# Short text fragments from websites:
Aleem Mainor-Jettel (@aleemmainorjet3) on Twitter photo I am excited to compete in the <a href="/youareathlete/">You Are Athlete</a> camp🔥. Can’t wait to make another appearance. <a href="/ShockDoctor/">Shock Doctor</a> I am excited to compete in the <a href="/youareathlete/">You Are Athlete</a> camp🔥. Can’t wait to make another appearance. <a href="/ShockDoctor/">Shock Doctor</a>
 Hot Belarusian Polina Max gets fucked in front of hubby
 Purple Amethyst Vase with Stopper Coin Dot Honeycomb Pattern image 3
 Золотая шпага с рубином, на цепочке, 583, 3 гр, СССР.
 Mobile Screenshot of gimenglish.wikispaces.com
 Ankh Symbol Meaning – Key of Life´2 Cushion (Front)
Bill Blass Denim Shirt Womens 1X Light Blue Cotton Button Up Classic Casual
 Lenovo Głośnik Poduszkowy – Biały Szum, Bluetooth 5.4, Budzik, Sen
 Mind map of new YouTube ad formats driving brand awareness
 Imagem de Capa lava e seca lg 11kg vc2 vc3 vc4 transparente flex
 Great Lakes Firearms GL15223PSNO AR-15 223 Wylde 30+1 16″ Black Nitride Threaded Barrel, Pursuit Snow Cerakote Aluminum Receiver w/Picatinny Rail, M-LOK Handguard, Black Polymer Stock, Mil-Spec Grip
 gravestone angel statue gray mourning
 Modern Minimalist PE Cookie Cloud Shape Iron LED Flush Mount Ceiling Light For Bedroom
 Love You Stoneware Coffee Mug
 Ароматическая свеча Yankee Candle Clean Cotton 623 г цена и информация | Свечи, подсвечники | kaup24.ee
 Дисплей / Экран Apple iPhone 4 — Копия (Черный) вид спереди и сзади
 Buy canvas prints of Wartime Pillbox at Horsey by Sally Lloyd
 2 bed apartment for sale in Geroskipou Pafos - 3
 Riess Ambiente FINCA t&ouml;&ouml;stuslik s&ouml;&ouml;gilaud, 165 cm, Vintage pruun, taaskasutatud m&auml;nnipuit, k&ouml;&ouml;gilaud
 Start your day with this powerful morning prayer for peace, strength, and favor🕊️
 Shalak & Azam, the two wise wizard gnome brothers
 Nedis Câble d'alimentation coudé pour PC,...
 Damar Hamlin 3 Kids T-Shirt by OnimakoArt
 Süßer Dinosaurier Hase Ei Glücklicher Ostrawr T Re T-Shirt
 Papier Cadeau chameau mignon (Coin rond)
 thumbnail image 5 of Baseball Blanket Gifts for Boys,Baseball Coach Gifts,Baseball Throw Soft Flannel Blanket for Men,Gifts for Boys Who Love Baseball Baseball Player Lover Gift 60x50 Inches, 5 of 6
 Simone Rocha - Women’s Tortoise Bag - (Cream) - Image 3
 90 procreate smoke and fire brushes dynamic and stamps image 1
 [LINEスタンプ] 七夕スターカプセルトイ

# EXERCISE BRIEF:
Take the stretch of lines above from the one containing "Imagem de Capa" through the one containing "Papier Cadeau chameau mignon (Coin rond)" and repeat it exactly, adding no other line.

# RESPONSE TO THE EXERCISE:
 Imagem de Capa lava e seca lg 11kg vc2 vc3 vc4 transparente flex
 Great Lakes Firearms GL15223PSNO AR-15 223 Wylde 30+1 16″ Black Nitride Threaded Barrel, Pursuit Snow Cerakote Aluminum Receiver w/Picatinny Rail, M-LOK Handguard, Black Polymer Stock, Mil-Spec Grip
 gravestone angel statue gray mourning
 Modern Minimalist PE Cookie Cloud Shape Iron LED Flush Mount Ceiling Light For Bedroom
 Love You Stoneware Coffee Mug
 Ароматическая свеча Yankee Candle Clean Cotton 623 г цена и информация | Свечи, подсвечники | kaup24.ee
 Дисплей / Экран Apple iPhone 4 — Копия (Черный) вид спереди и сзади
 Buy canvas prints of Wartime Pillbox at Horsey by Sally Lloyd
 2 bed apartment for sale in Geroskipou Pafos - 3
 Riess Ambiente FINCA t&ouml;&ouml;stuslik s&ouml;&ouml;gilaud, 165 cm, Vintage pruun, taaskasutatud m&auml;nnipuit, k&ouml;&ouml;gilaud
 Start your day with this powerful morning prayer for peace, strength, and favor🕊️
 Shalak & Azam, the two wise wizard gnome brothers
 Nedis Câble d'alimentation coudé pour PC,...
 Damar Hamlin 3 Kids T-Shirt by OnimakoArt
 Süßer Dinosaurier Hase Ei Glücklicher Ostrawr T Re T-Shirt
 Papier Cadeau chameau mignon (Coin rond)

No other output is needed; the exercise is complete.